Word embedding, a high-dimensional (HD) numerical representation of words generated by machine learning models, has been used for different natural language processing tasks, e.g., translation between two languages. Recently, there has been an increasing trend of transforming the HD embeddings into a latent space (e.g., via autoencoders) for further tasks, exploiting various merits the latent representations could bring. To preserve the embeddings' quality, these works often map the embeddings into an even higher-dimensional latent space, making the already complicated embeddings even less interpretable and consuming more storage space. In this work, we borrow the idea of VAE to regularize the HD latent space. Our regularization implicitly condenses information from the HD latent space into a much lower-dimensional space, thus compressing the embeddings. We also show that each dimension of our regularized latent space is more semantically salient, and validate our assertion by interactively probing the encoding-level of user-proposed semantics in the dimensions. To the end, we design a visual analytics system to monitor the regularization process, explore the HD latent space, and interpret latent dimensions' semantics. We validate the effectiveness of our embedding regularization and interpretation approach through both quantitative and qualitative evaluations.
Paper Structure (33 sections, 1 equation, 13 figures, 2 tables)

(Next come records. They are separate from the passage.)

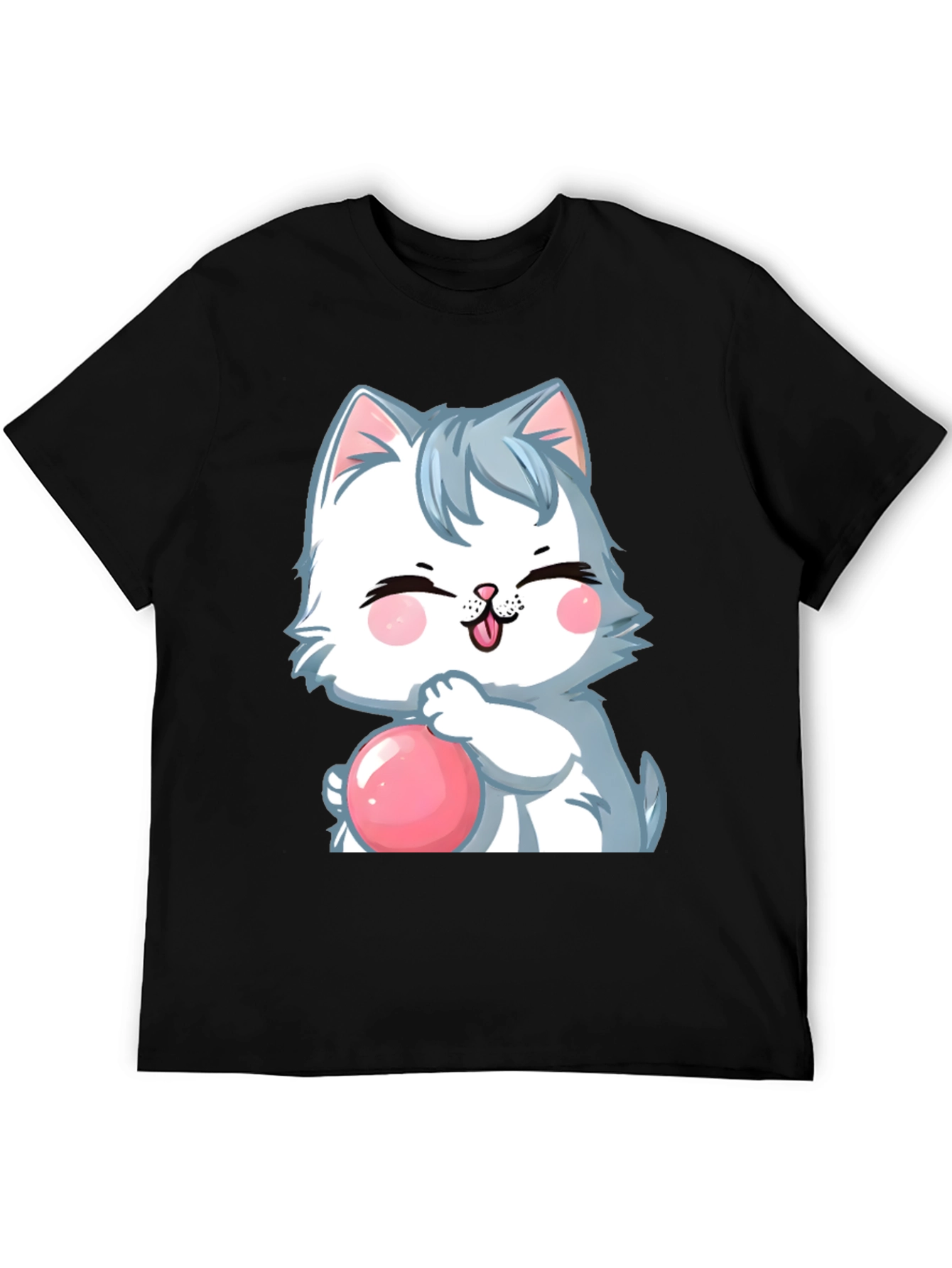 Cartoon Cat Bubble T-Shirt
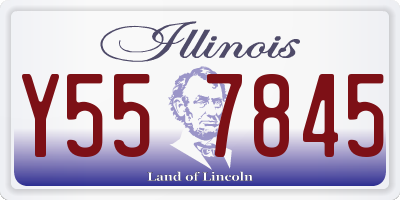 IL license plate Y557845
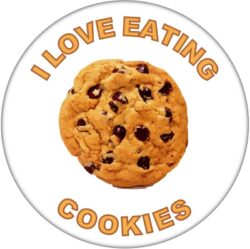 I Love Eating Cookies - 59mm Badge/Badges Fun Gift Present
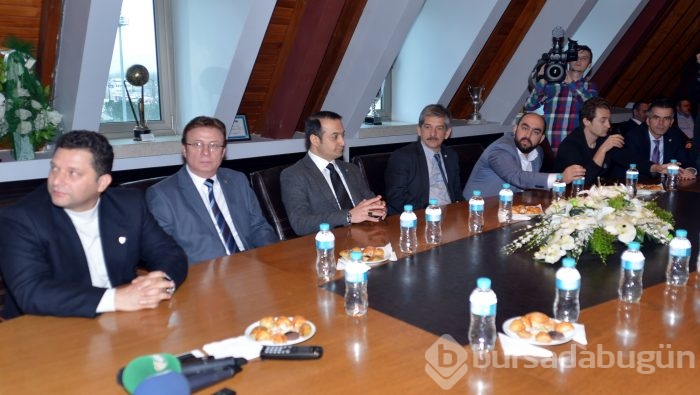 Bakan Çelik'ten Bursaspor'a ziyaret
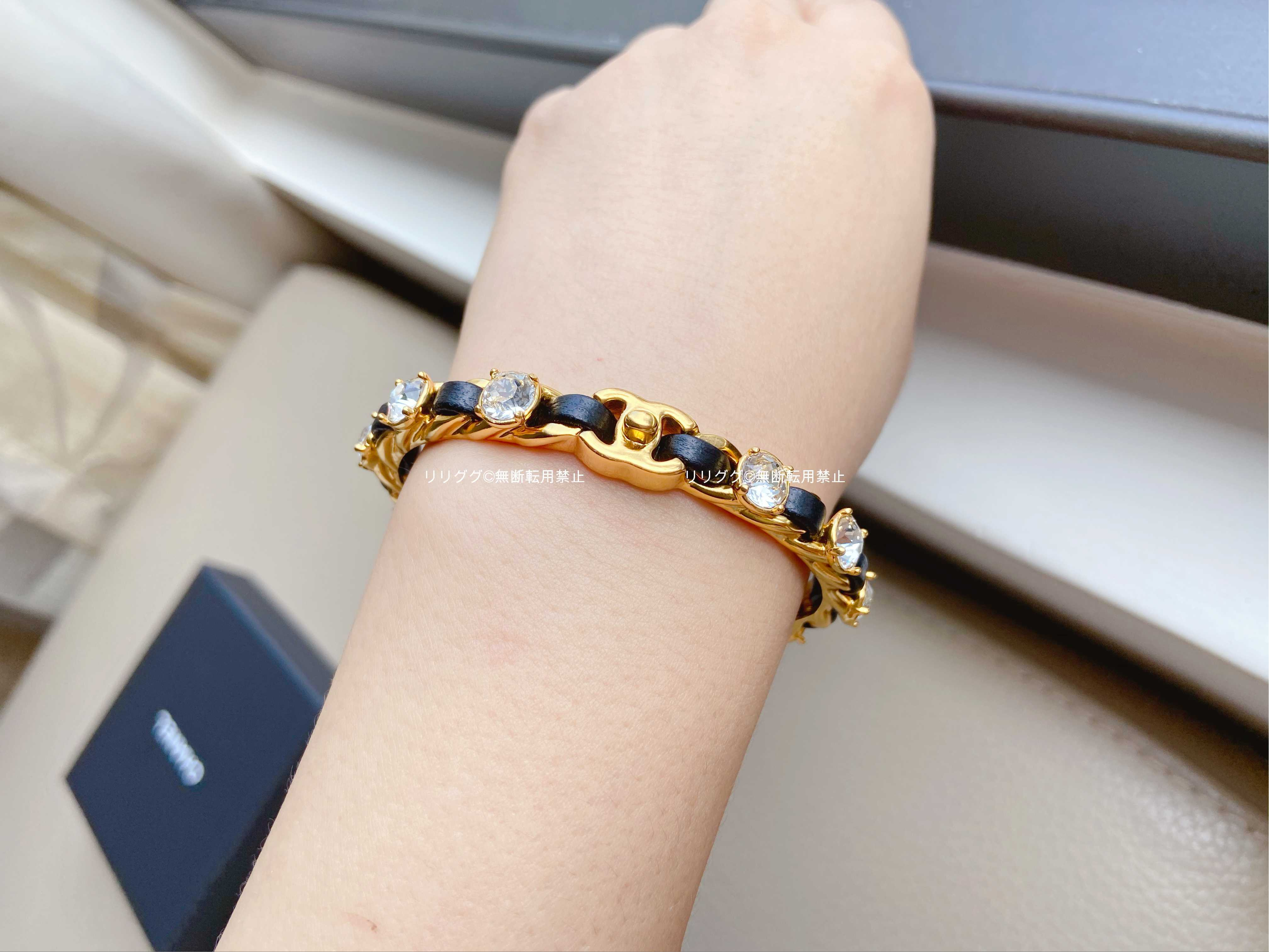 (シャネル)AB4267☆ブレスレット　バングル☆パールとレザー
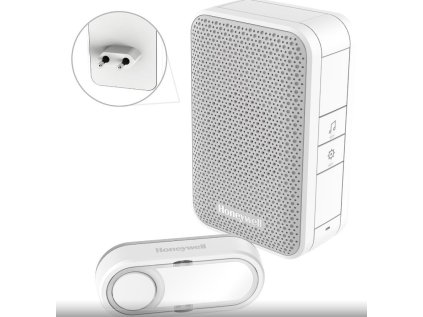 honeywell home dc312sp2usb bezdratovy zvonek series 3 6 melodii zakladna do zasuvky s usb nabijeckou ien504534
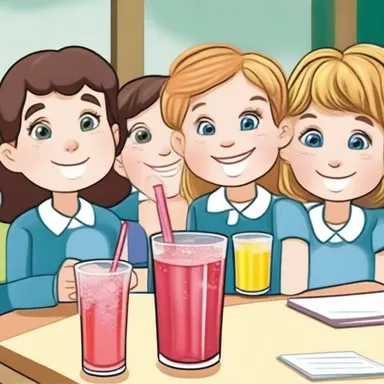 Why did the fizzy drink go to school? Because it wanted to sparkle in class!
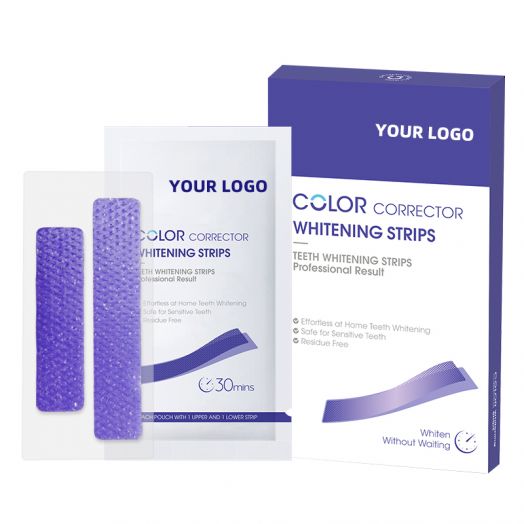 2024 Hot Popular Purple Teeth Whitening Strips for Correct Yellow Teeth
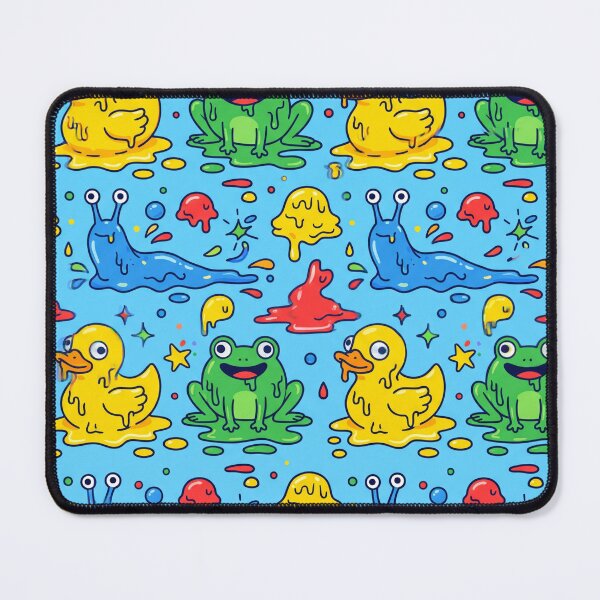 Item preview, Cute Duck Frog Slug Pattern designed and sold by Illustration Rk.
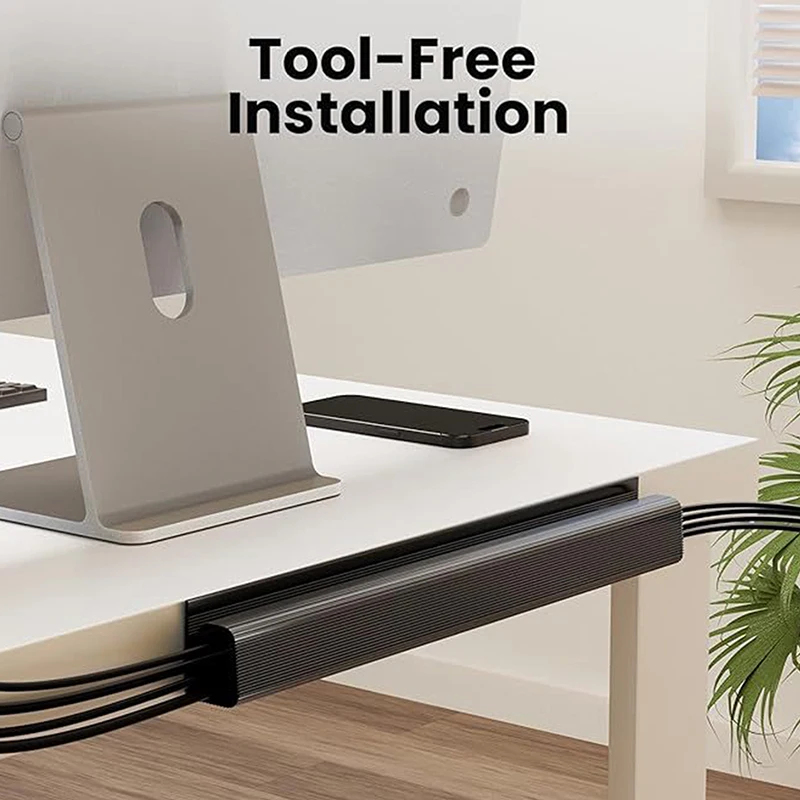 40cm/15.75in Under Desk Cable  - Desk Cable Organizer 评论和价格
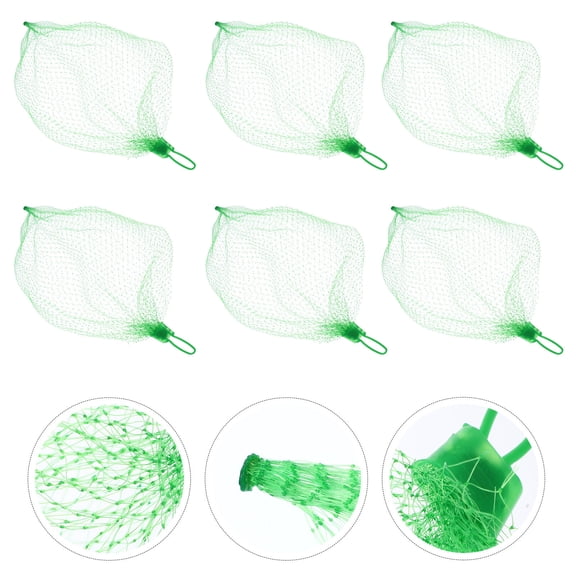 GAXIRE 100pcs Reusable Nylon Fruit Netting Bags for Home, Garden Produce, Harvesting and Storage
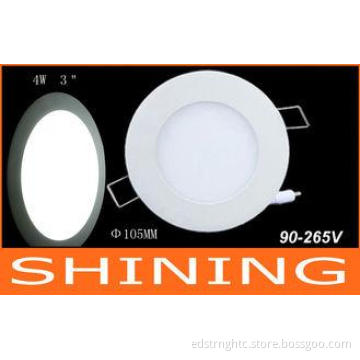 High Brightness 4W SMD3014 Round LED Celing Light 5000K Nat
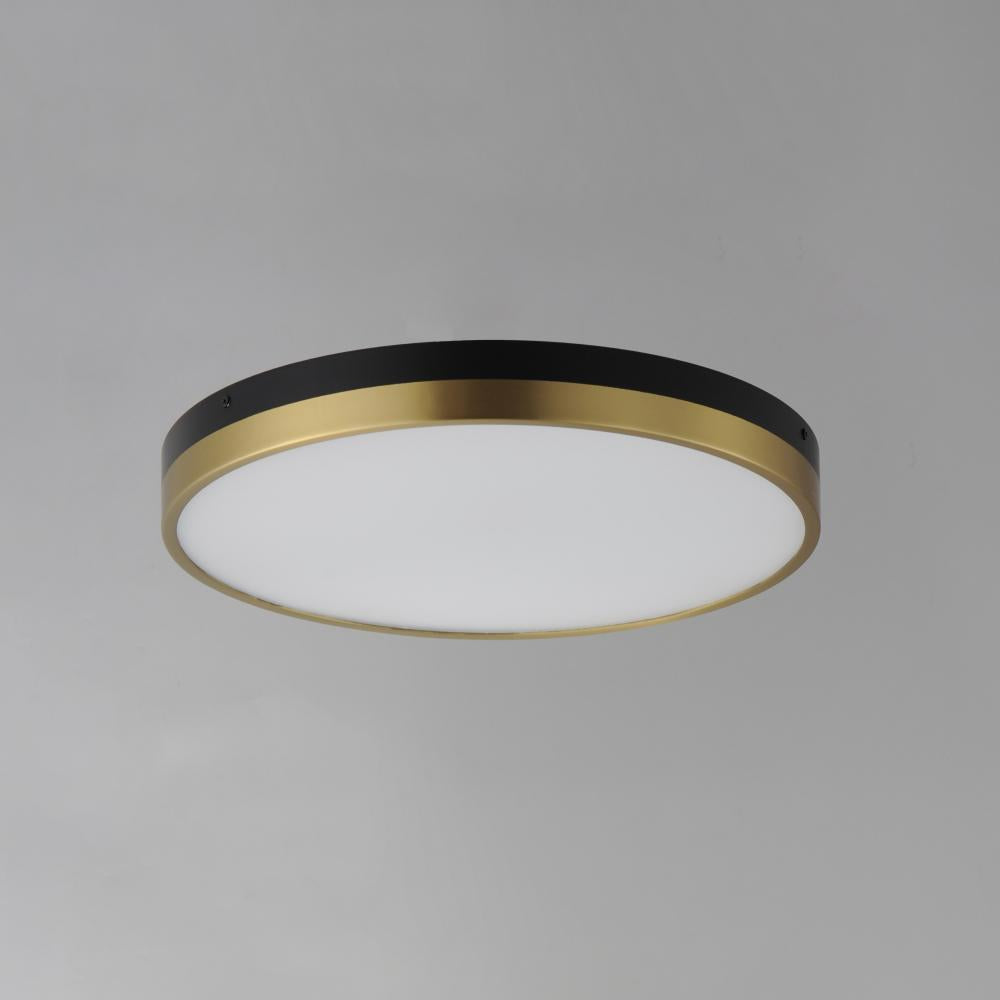 Maxim Lighting DAPPER 59704WTBKAB Flush Mount - Antique Brass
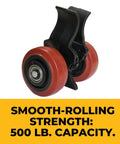 Clip N Roll Utility Cart With Steel Axle And Polyurethane Wheels 500 Lb Capacity Beefy Heavy Duty Helper For Granite Slabs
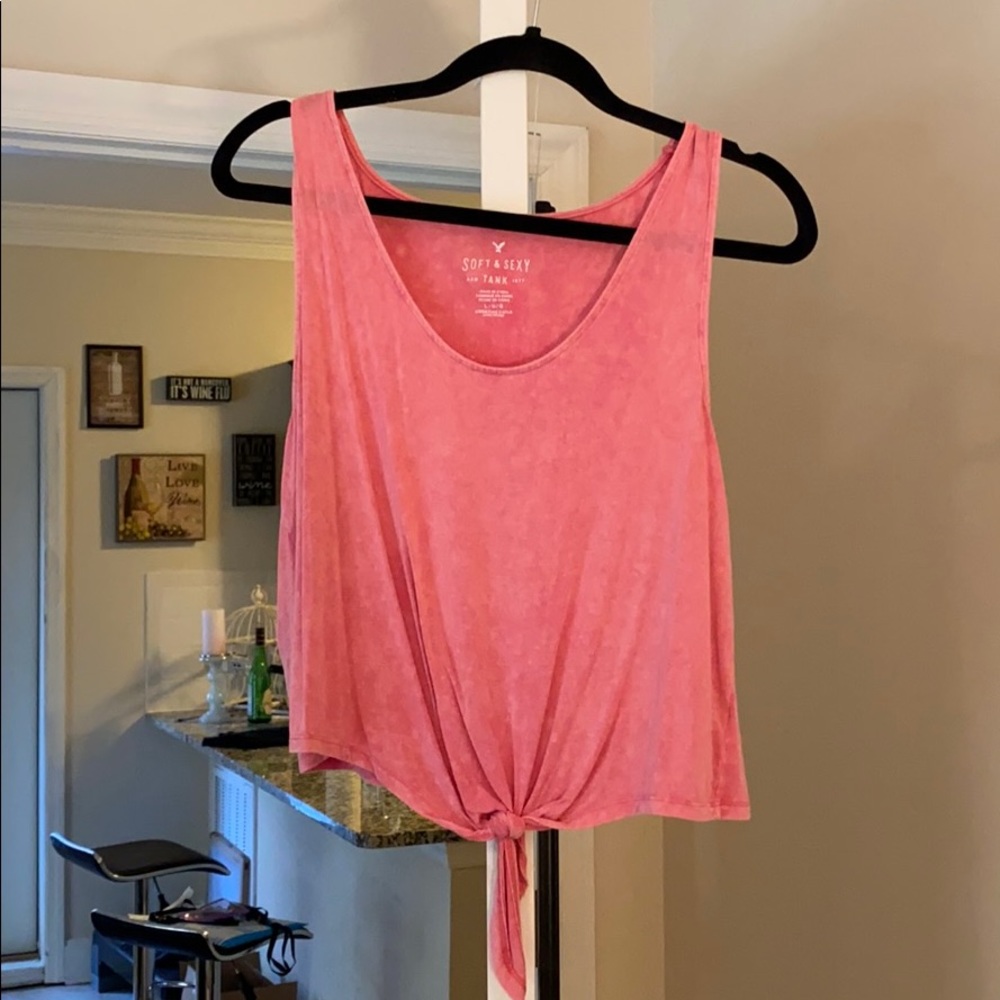 Pink tank top American Eagle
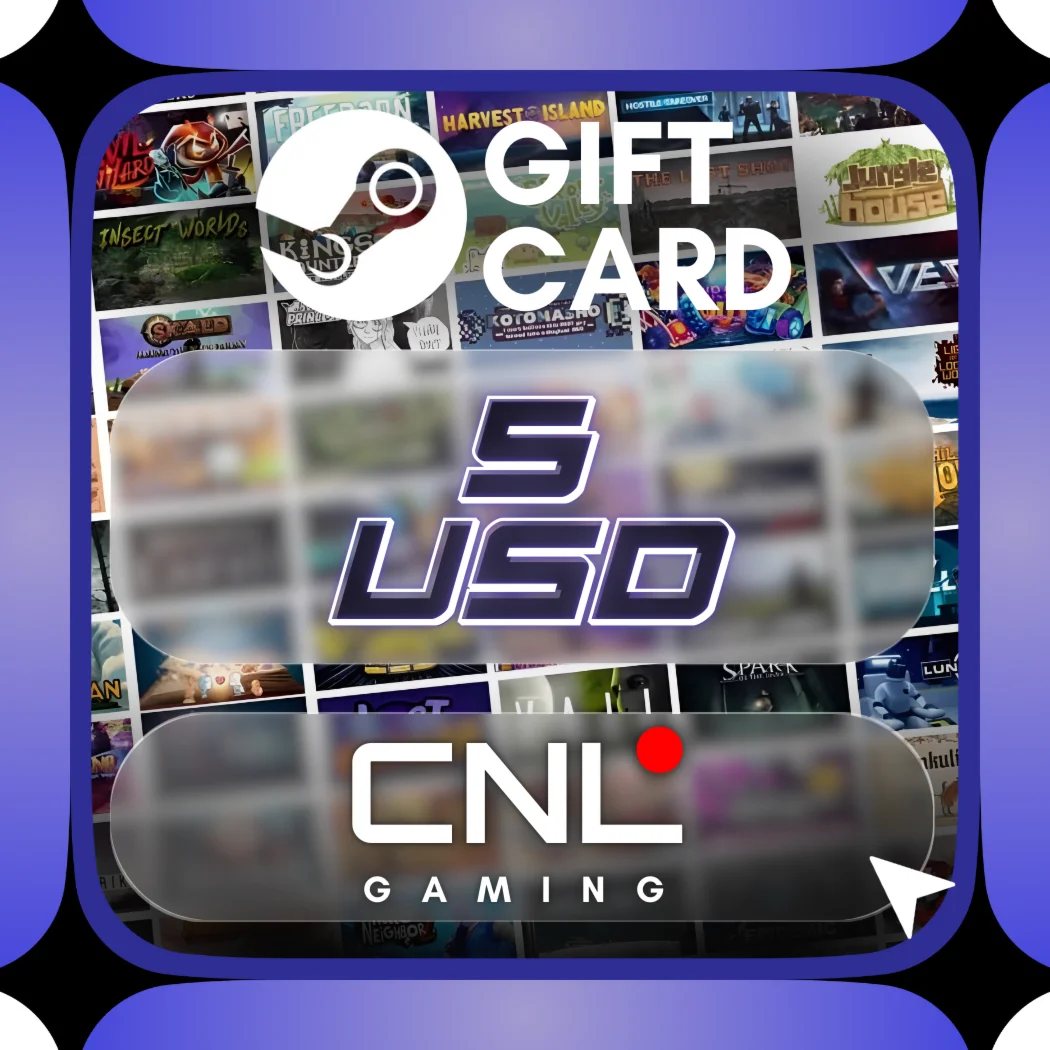 24/7 АВТО | Steam Wallet $5 USD (Подарочная карта)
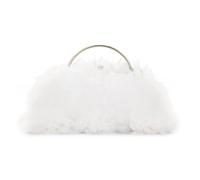 EVEOUT Pochette in Pizzo per Donne Elegante Borsa da Sposa in Pizzo Clutch da Sera con Catena Borsa a tracolla per Festa Matrimonio Ballo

This paper contains 33 sections, 1 equation, 13 figures, 2 tables.

Figures (13)

  • Figure 1: (a) AE encodes each instance into a latent vector, i.e., 3 scalars here, since the latent space is in 3D. (b) VAE encodes each instance into a set of Gaussian distributions (each is parameterized by a mean and a variance value). A latent vector is then sampled from them.
  • Figure 2: LNMap mohiuddin2020lnmap aligns two languages' embeddings (200k English and Spanish words) by (1) transferring each into a latent space through an AE and (2) aligning the two AEs' latent space. The input and latent space have 300 and 350 dimensions respectively.
  • Figure 3: (a) Probing the encoding-level of the gender semantics (represented by man-woman) in the first latent dimension. (b) $(\theta{+}\phi){/}2$ denotes the encoding-level of gender semantics in the dimension.
  • Figure 4: Our system consists of four views, (a) the Model Evolution View presents five training dynamics reflecting embeddings' quality and regularization scale, (b) the Dimension Exploration View employs a zoomable PCP and customized glyphs to present latent dimensions, allowing users to probe the encoding-level of individual dimensions, (c) the Projection, and (d) Word Cloud View disclose details of the selected dimension (e.g., semantics extension, latent space density) and relate it to the words' semantics.
  • Figure 5: A glyph reflects the angle between the directions of the semantics (black) and regressed direction (red). The glyph's radius encodes the extent of the samples along the regressed direction. (a) and (b) represent useful and deprecated dimensions, respectively.